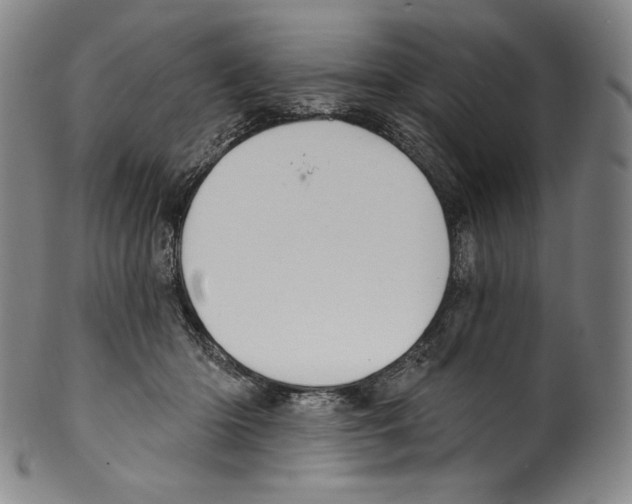 X0000099440414200806061048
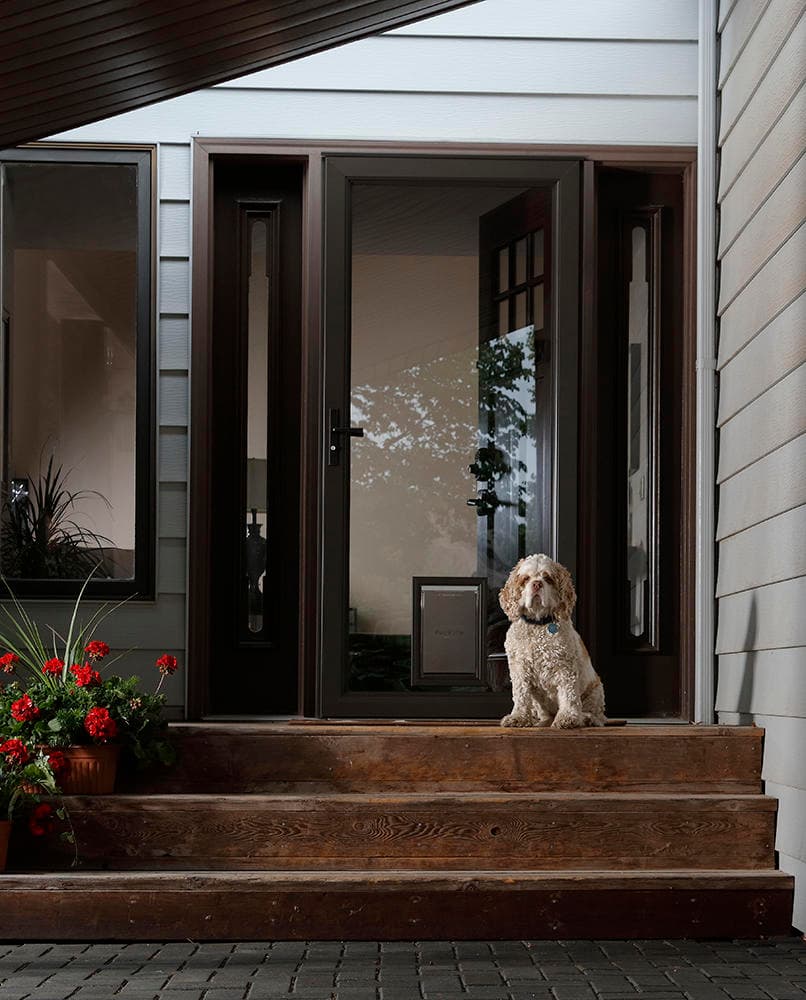 Pet Storm Doors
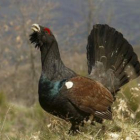 Ejemplar de urogallo localizado en la provincia de León.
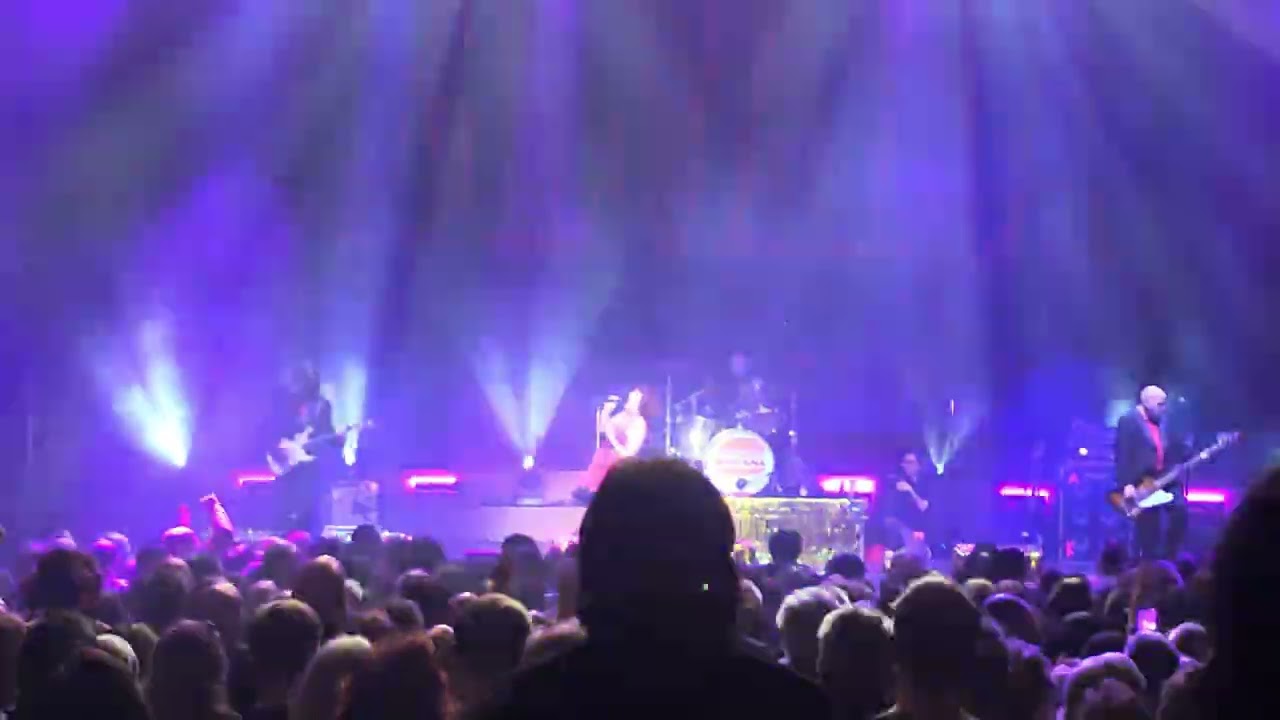 Elvana Elvis Fronted Nirvana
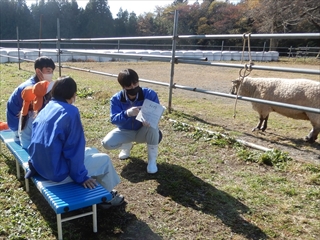 クイズをしているところ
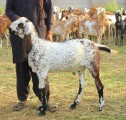 bakra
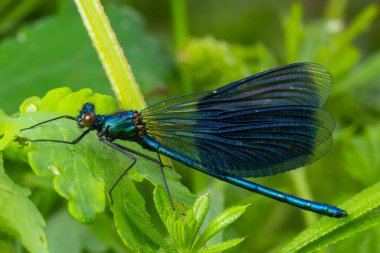 Bantlı matmazel, Calopteryx ihtişamlı, bir çimlerin üzerinde oturuyor. Güzel mavi matmazel yaşam alanında. Yumuşak yeşil arka planı olan böcek portresi. Doğadan vahşi yaşam sahnesi.
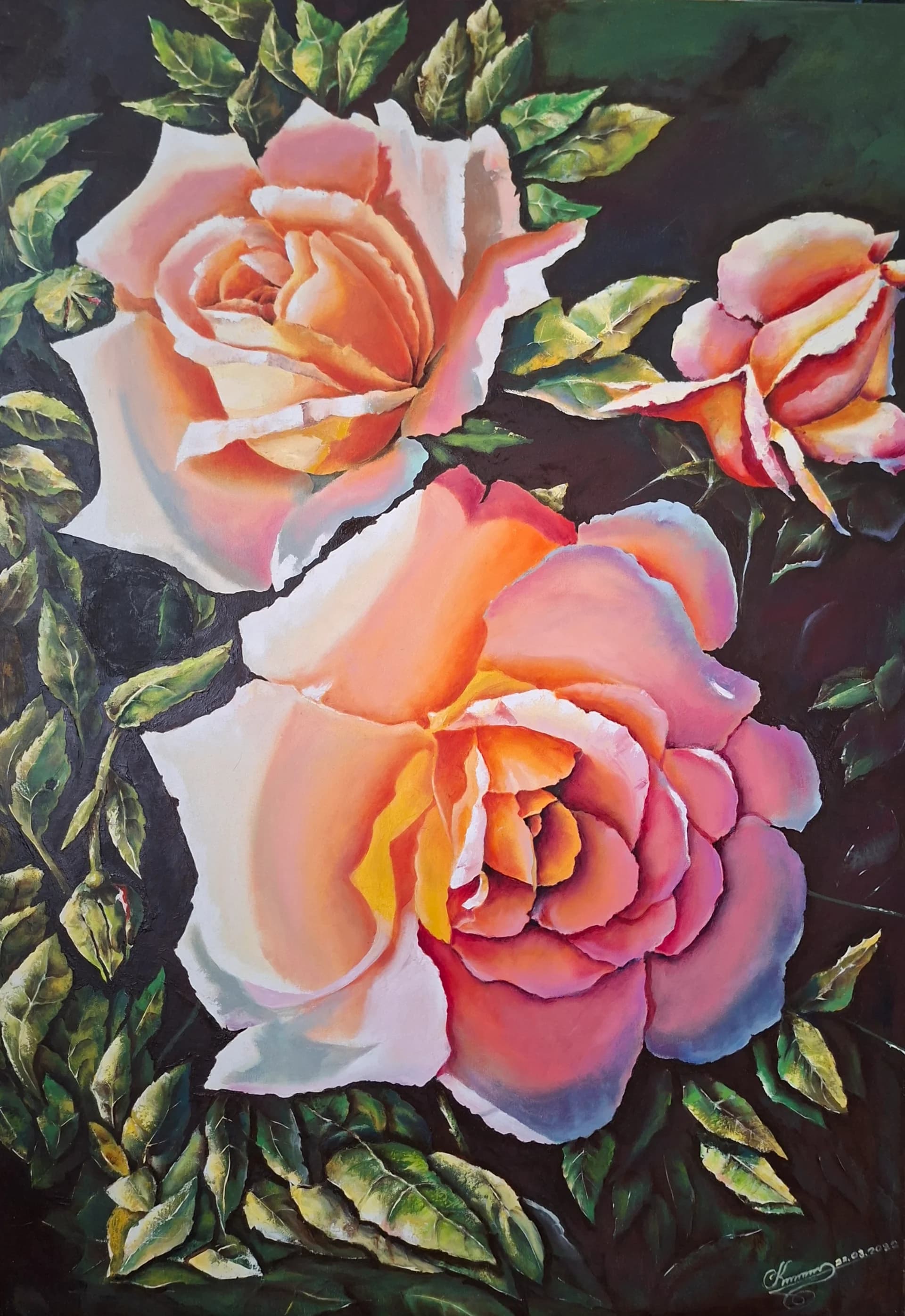 Roses in Deep Shade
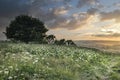 Beautiful peaceful sunset landscape image over English rolling countryside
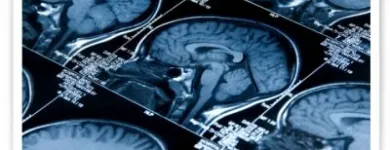 Business 3 image PHARMAPEX USA in San Diego CA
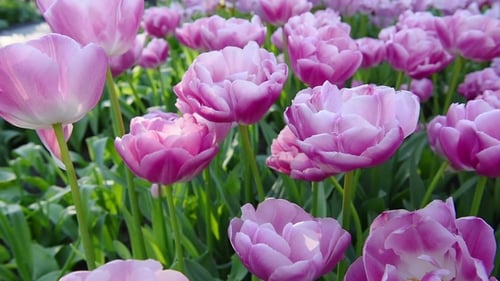 Tulips at the End of Spring Swaying in Breeze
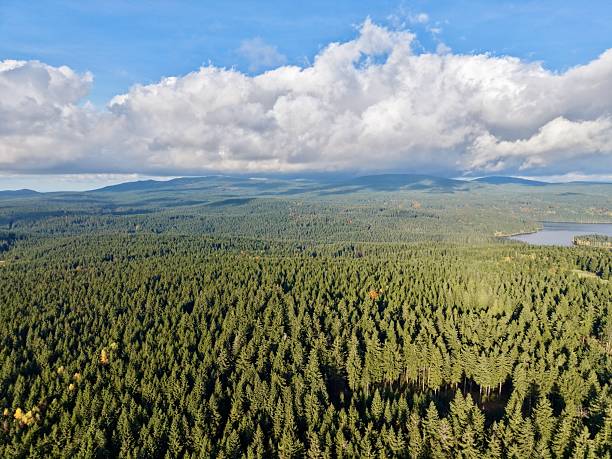 istock scenic forest overlooking remote lake, expansive woodland scene featuring distant lakes and cloudy skies 2249651673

--------

Instructions for the task:
The answer must be an exact restatement of all the records, with no pictures included.

Answer area:
 X0000099440414200806061048
 Pet Storm Doors
 Ejemplar de urogallo localizado en la provincia de León.
 Elvana Elvis Fronted Nirvana
 クイズをしているところ
 bakra
 Bantlı matmazel, Calopteryx ihtişamlı, bir çimlerin üzerinde oturuyor. Güzel mavi matmazel yaşam alanında. Yumuşak yeşil arka planı olan böcek portresi. Doğadan vahşi yaşam sahnesi.
 Roses in Deep Shade
 Beautiful peaceful sunset landscape image over English rolling countryside
 Business 3 image PHARMAPEX USA in San Diego CA
 Tulips at the End of Spring Swaying in Breeze
 istock scenic forest overlooking remote lake, expansive woodland scene featuring distant lakes and cloudy skies 2249651673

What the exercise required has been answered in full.